[Supplied information Boundary: Start]

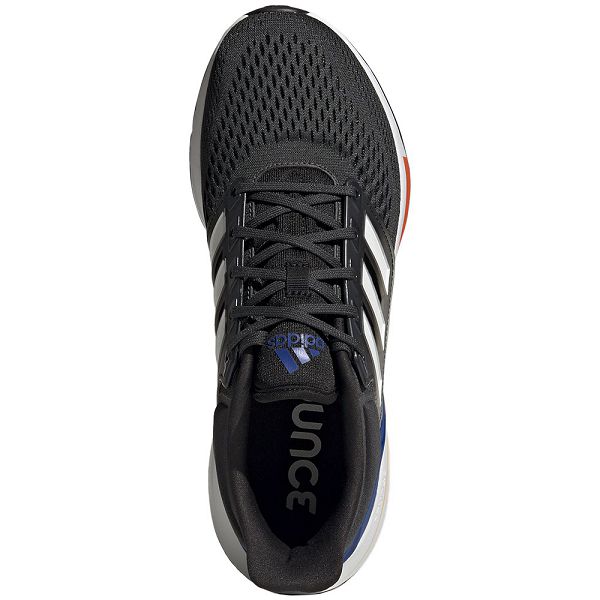 Blue Men's Adidas EQ21 Run Running Shoes | 9732164-NF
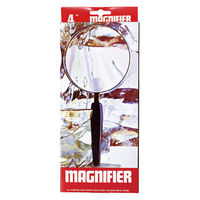 西敬 拡大鏡(二重焦点付)101.6mm P-SUN46 1個（直送品）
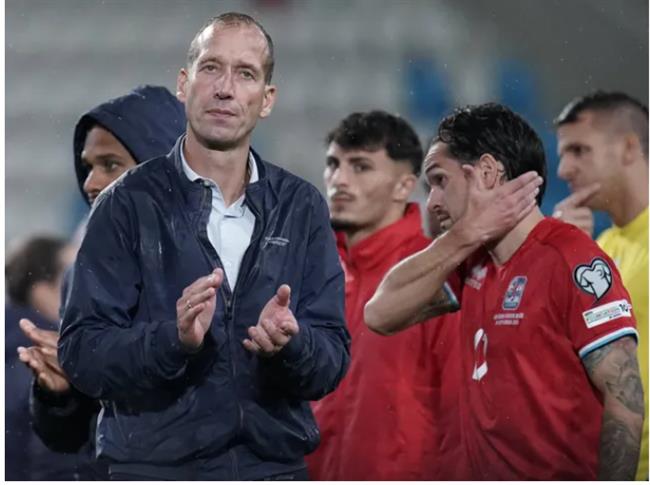 Luxembourg khó có cơ hội giành điểm trước Đức.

[Supplied information Boundary: End]

> [Exercise prompt]
Exactly as written, restate the lines from the one that contains "西敬 拡大鏡(二重焦点付)101.6mm P-SUN46 1個（直送品）" through the final line of the data, both ends included, but leave out the pictures.

> [Answer for the task]
 西敬 拡大鏡(二重焦点付)101.6mm P-SUN46 1個（直送品）
 Luxembourg khó có cơ hội giành điểm trước Đức.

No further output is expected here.